Extracted data
■ ■ ■ ■ ■
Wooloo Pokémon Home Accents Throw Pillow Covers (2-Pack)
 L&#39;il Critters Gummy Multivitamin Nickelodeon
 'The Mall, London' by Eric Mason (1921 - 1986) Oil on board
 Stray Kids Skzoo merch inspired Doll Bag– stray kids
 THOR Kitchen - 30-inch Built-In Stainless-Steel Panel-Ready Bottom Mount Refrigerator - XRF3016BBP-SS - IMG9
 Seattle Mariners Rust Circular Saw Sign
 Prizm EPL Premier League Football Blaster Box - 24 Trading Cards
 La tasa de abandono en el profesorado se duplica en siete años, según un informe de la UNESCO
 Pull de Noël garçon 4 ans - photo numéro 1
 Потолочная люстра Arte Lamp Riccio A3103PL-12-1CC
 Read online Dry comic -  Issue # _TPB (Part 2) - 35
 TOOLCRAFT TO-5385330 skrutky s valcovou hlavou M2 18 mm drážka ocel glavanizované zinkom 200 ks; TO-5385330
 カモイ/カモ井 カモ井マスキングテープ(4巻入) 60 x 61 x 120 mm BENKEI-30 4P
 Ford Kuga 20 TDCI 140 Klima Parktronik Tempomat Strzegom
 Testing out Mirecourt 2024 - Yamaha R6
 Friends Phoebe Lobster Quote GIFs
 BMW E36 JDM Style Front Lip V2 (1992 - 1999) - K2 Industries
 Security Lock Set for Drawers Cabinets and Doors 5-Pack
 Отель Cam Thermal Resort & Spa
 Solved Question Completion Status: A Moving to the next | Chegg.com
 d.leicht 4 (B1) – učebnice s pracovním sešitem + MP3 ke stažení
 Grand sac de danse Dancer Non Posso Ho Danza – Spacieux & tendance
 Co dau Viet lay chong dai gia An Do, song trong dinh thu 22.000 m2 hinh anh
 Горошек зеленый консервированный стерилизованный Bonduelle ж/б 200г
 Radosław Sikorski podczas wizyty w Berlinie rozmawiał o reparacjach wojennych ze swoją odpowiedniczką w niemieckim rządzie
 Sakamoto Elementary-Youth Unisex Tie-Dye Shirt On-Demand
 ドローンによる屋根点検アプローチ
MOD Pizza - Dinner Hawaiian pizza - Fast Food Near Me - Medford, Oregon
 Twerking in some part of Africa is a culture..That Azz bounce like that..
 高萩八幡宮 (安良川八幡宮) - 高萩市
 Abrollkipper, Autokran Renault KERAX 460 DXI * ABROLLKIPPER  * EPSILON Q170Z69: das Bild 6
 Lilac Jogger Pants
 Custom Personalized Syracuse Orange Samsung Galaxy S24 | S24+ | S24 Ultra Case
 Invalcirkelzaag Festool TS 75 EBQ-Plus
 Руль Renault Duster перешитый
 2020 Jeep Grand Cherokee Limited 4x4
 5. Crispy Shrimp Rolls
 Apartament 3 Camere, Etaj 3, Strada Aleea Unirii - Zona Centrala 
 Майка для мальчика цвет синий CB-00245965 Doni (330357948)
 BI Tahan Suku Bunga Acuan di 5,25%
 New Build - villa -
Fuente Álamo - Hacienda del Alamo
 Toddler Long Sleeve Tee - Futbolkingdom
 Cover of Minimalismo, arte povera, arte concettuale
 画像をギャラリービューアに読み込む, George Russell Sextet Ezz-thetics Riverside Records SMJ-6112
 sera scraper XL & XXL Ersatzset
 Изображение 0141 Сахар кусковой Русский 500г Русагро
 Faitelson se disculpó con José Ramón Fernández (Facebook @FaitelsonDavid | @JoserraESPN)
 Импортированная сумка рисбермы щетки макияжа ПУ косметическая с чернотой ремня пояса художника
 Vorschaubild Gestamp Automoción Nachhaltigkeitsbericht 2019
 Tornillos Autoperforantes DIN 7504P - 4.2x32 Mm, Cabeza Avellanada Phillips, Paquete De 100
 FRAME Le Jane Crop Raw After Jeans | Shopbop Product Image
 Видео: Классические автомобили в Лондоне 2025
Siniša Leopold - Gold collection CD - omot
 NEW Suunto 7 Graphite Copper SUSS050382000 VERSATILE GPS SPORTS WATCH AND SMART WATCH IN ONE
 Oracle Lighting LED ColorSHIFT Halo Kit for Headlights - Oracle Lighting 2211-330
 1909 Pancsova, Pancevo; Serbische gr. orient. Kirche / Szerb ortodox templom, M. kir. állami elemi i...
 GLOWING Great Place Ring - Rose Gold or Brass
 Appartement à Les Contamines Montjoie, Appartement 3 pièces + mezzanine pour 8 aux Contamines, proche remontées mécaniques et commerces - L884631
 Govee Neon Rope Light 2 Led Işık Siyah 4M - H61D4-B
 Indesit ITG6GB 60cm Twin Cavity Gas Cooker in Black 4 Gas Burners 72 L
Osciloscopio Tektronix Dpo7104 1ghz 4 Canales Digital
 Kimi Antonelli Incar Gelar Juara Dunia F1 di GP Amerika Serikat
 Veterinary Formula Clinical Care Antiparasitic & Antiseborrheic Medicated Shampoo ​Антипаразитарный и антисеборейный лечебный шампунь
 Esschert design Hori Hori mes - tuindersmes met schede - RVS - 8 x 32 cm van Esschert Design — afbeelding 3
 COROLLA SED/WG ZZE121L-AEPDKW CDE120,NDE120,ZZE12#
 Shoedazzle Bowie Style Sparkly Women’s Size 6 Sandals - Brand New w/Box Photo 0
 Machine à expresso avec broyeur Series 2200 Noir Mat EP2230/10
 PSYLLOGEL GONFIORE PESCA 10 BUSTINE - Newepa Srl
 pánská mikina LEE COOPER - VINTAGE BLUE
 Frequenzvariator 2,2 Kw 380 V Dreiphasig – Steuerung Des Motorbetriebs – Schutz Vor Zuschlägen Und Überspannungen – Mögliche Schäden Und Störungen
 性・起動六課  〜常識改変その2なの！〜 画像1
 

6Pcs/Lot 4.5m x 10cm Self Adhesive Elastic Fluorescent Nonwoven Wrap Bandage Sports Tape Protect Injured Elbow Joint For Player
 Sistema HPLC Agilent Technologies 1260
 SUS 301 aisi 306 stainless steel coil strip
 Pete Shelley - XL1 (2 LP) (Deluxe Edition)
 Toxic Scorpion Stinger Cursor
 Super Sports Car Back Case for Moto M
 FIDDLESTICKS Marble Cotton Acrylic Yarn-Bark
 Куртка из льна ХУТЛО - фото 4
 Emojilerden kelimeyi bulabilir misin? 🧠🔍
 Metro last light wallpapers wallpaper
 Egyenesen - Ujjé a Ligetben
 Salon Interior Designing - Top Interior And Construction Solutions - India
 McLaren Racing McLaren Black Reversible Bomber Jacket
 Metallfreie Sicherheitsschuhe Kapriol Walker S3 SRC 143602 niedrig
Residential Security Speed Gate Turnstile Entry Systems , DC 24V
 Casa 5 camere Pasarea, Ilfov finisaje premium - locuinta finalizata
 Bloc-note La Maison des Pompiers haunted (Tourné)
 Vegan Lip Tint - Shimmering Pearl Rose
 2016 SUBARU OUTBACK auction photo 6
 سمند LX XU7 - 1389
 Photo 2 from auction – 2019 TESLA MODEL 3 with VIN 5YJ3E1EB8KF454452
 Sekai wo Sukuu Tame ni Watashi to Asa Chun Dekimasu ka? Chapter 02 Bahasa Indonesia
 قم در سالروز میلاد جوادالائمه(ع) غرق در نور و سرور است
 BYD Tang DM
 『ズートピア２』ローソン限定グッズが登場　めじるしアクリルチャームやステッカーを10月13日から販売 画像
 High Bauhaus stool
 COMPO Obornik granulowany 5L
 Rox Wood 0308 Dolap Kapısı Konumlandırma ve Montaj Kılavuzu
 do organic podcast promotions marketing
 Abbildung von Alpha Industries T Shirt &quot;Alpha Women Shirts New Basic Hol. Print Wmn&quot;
■ ■ ■ ■ ■
What to produce
Output every line of the data again, exactly.

Solved exercise
Wooloo Pokémon Home Accents Throw Pillow Covers (2-Pack)
 L&#39;il Critters Gummy Multivitamin Nickelodeon
 'The Mall, London' by Eric Mason (1921 - 1986) Oil on board
 Stray Kids Skzoo merch inspired Doll Bag– stray kids
 THOR Kitchen - 30-inch Built-In Stainless-Steel Panel-Ready Bottom Mount Refrigerator - XRF3016BBP-SS - IMG9
 Seattle Mariners Rust Circular Saw Sign
 Prizm EPL Premier League Football Blaster Box - 24 Trading Cards
 La tasa de abandono en el profesorado se duplica en siete años, según un informe de la UNESCO
 Pull de Noël garçon 4 ans - photo numéro 1
 Потолочная люстра Arte Lamp Riccio A3103PL-12-1CC
 Read online Dry comic -  Issue # _TPB (Part 2) - 35
 TOOLCRAFT TO-5385330 skrutky s valcovou hlavou M2 18 mm drážka ocel glavanizované zinkom 200 ks; TO-5385330
 カモイ/カモ井 カモ井マスキングテープ(4巻入) 60 x 61 x 120 mm BENKEI-30 4P
 Ford Kuga 20 TDCI 140 Klima Parktronik Tempomat Strzegom
 Testing out Mirecourt 2024 - Yamaha R6
 Friends Phoebe Lobster Quote GIFs
 BMW E36 JDM Style Front Lip V2 (1992 - 1999) - K2 Industries
 Security Lock Set for Drawers Cabinets and Doors 5-Pack
 Отель Cam Thermal Resort & Spa
 Solved Question Completion Status: A Moving to the next | Chegg.com
 d.leicht 4 (B1) – učebnice s pracovním sešitem + MP3 ke stažení
 Grand sac de danse Dancer Non Posso Ho Danza – Spacieux & tendance
 Co dau Viet lay chong dai gia An Do, song trong dinh thu 22.000 m2 hinh anh
 Горошек зеленый консервированный стерилизованный Bonduelle ж/б 200г
 Radosław Sikorski podczas wizyty w Berlinie rozmawiał o reparacjach wojennych ze swoją odpowiedniczką w niemieckim rządzie
 Sakamoto Elementary-Youth Unisex Tie-Dye Shirt On-Demand
 ドローンによる屋根点検アプローチ
MOD Pizza - Dinner Hawaiian pizza - Fast Food Near Me - Medford, Oregon
 Twerking in some part of Africa is a culture..That Azz bounce like that..
 高萩八幡宮 (安良川八幡宮) - 高萩市
 Abrollkipper, Autokran Renault KERAX 460 DXI * ABROLLKIPPER  * EPSILON Q170Z69: das Bild 6
 Lilac Jogger Pants
 Custom Personalized Syracuse Orange Samsung Galaxy S24 | S24+ | S24 Ultra Case
 Invalcirkelzaag Festool TS 75 EBQ-Plus
 Руль Renault Duster перешитый
 2020 Jeep Grand Cherokee Limited 4x4
 5. Crispy Shrimp Rolls
 Apartament 3 Camere, Etaj 3, Strada Aleea Unirii - Zona Centrala 
 Майка для мальчика цвет синий CB-00245965 Doni (330357948)
 BI Tahan Suku Bunga Acuan di 5,25%
 New Build - villa -
Fuente Álamo - Hacienda del Alamo
 Toddler Long Sleeve Tee - Futbolkingdom
 Cover of Minimalismo, arte povera, arte concettuale
 画像をギャラリービューアに読み込む, George Russell Sextet Ezz-thetics Riverside Records SMJ-6112
 sera scraper XL & XXL Ersatzset
 Изображение 0141 Сахар кусковой Русский 500г Русагро
 Faitelson se disculpó con José Ramón Fernández (Facebook @FaitelsonDavid | @JoserraESPN)
 Импортированная сумка рисбермы щетки макияжа ПУ косметическая с чернотой ремня пояса художника
 Vorschaubild Gestamp Automoción Nachhaltigkeitsbericht 2019
 Tornillos Autoperforantes DIN 7504P - 4.2x32 Mm, Cabeza Avellanada Phillips, Paquete De 100
 FRAME Le Jane Crop Raw After Jeans | Shopbop Product Image
 Видео: Классические автомобили в Лондоне 2025
Siniša Leopold - Gold collection CD - omot
 NEW Suunto 7 Graphite Copper SUSS050382000 VERSATILE GPS SPORTS WATCH AND SMART WATCH IN ONE
 Oracle Lighting LED ColorSHIFT Halo Kit for Headlights - Oracle Lighting 2211-330
 1909 Pancsova, Pancevo; Serbische gr. orient. Kirche / Szerb ortodox templom, M. kir. állami elemi i...
 GLOWING Great Place Ring - Rose Gold or Brass
 Appartement à Les Contamines Montjoie, Appartement 3 pièces + mezzanine pour 8 aux Contamines, proche remontées mécaniques et commerces - L884631
 Govee Neon Rope Light 2 Led Işık Siyah 4M - H61D4-B
 Indesit ITG6GB 60cm Twin Cavity Gas Cooker in Black 4 Gas Burners 72 L
Osciloscopio Tektronix Dpo7104 1ghz 4 Canales Digital
 Kimi Antonelli Incar Gelar Juara Dunia F1 di GP Amerika Serikat
 Veterinary Formula Clinical Care Antiparasitic & Antiseborrheic Medicated Shampoo ​Антипаразитарный и антисеборейный лечебный шампунь
 Esschert design Hori Hori mes - tuindersmes met schede - RVS - 8 x 32 cm van Esschert Design — afbeelding 3
 COROLLA SED/WG ZZE121L-AEPDKW CDE120,NDE120,ZZE12#
 Shoedazzle Bowie Style Sparkly Women’s Size 6 Sandals - Brand New w/Box Photo 0
 Machine à expresso avec broyeur Series 2200 Noir Mat EP2230/10
 PSYLLOGEL GONFIORE PESCA 10 BUSTINE - Newepa Srl
 pánská mikina LEE COOPER - VINTAGE BLUE
 Frequenzvariator 2,2 Kw 380 V Dreiphasig – Steuerung Des Motorbetriebs – Schutz Vor Zuschlägen Und Überspannungen – Mögliche Schäden Und Störungen
 性・起動六課  〜常識改変その2なの！〜 画像1
 

6Pcs/Lot 4.5m x 10cm Self Adhesive Elastic Fluorescent Nonwoven Wrap Bandage Sports Tape Protect Injured Elbow Joint For Player
 Sistema HPLC Agilent Technologies 1260
 SUS 301 aisi 306 stainless steel coil strip
 Pete Shelley - XL1 (2 LP) (Deluxe Edition)
 Toxic Scorpion Stinger Cursor
 Super Sports Car Back Case for Moto M
 FIDDLESTICKS Marble Cotton Acrylic Yarn-Bark
 Куртка из льна ХУТЛО - фото 4
 Emojilerden kelimeyi bulabilir misin? 🧠🔍
 Metro last light wallpapers wallpaper
 Egyenesen - Ujjé a Ligetben
 Salon Interior Designing - Top Interior And Construction Solutions - India
 McLaren Racing McLaren Black Reversible Bomber Jacket
 Metallfreie Sicherheitsschuhe Kapriol Walker S3 SRC 143602 niedrig
Residential Security Speed Gate Turnstile Entry Systems , DC 24V
 Casa 5 camere Pasarea, Ilfov finisaje premium - locuinta finalizata
 Bloc-note La Maison des Pompiers haunted (Tourné)
 Vegan Lip Tint - Shimmering Pearl Rose
 2016 SUBARU OUTBACK auction photo 6
 سمند LX XU7 - 1389
 Photo 2 from auction – 2019 TESLA MODEL 3 with VIN 5YJ3E1EB8KF454452
 Sekai wo Sukuu Tame ni Watashi to Asa Chun Dekimasu ka? Chapter 02 Bahasa Indonesia
 قم در سالروز میلاد جوادالائمه(ع) غرق در نور و سرور است
 BYD Tang DM
 『ズートピア２』ローソン限定グッズが登場　めじるしアクリルチャームやステッカーを10月13日から販売 画像
 High Bauhaus stool
 COMPO Obornik granulowany 5L
 Rox Wood 0308 Dolap Kapısı Konumlandırma ve Montaj Kılavuzu
 do organic podcast promotions marketing
 Abbildung von Alpha Industries T Shirt &quot;Alpha Women Shirts New Basic Hol. Print Wmn&quot;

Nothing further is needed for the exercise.